We, therefore, the Representatives of the united States of America, in General Congress, Assembled, appealing to the Supreme Judge of the world for the rectitude of our intentions, do, in the Name, and by Authority of the good People of these Colonies, solemnly publish and declare, That these united Colonies are, and of Right ought to be Free and Independent States, that they are Absolved from all Allegiance to the British Crown, and that all political connection between them and the State of Great Britain, is and ought to be totally dissolved; and that as Free and Independent States, they have full Power to levy War, conclude Peace, contract Alliances, establish Commerce, and to do all other Acts and Things which Independent States may of right do. — And for the support of this Declaration, with a firm reliance on the protection of Divine Providence, we mutually pledge to each other our Lives, our Fortunes, and our sacred Honor.

--------------------------------------------------------------------------------

Bob's World
03-13-2011, 02:03 PM
I will note right up front that while there was no confusion between the Hessians and the British as to who was the responsible party, that line is nowhere near as clear in Afghanistan.
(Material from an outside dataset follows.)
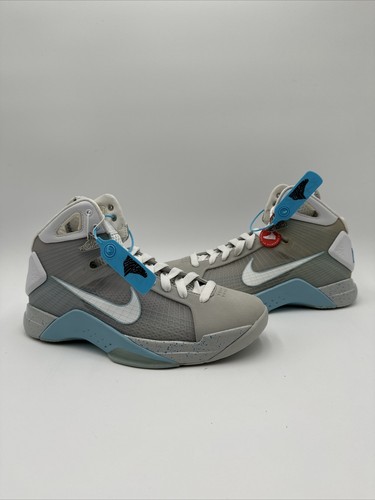 nike hyperdunk mcfly 2015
The hand of the United State is heavy upon the formation of GIRoA, and in bringing the Northern Alliance to power as well as sustaining them in power. So many of these charges that are clearly levied against the British crown in 1776 must be analyzed more closely in the Afghan context where there is almost always at least some degree of shared culpability between GIRoA and the U.S., and to a lesser degree the rest of the Coalition. Perhaps the rest of the Coalition matches more closely with the Hessian forces described here.

Bob's World
03-14-2011, 02:16 PM
No one interested in looking at Afghanistan through a disturbingly fresh lens? Ok, I'll go first. Here as some charges that could reasonably apply to the Coalition:

For quartering large bodies of armed troops among us:

For protecting them, by a mock Trial from punishment for any Murders which they should commit on the Inhabitants of these States:

or also

For depriving us in many cases, of the benefit of Trial by Jury:

For transporting us beyond Seas to be tried for pretended offences:

or even

For taking away our Charters, abolishing our most valuable Laws and altering fundamentally the Forms of our Governments:

For suspending our own Legislatures, and declaring themselves invested with power to legislate for us in all cases whatsoever.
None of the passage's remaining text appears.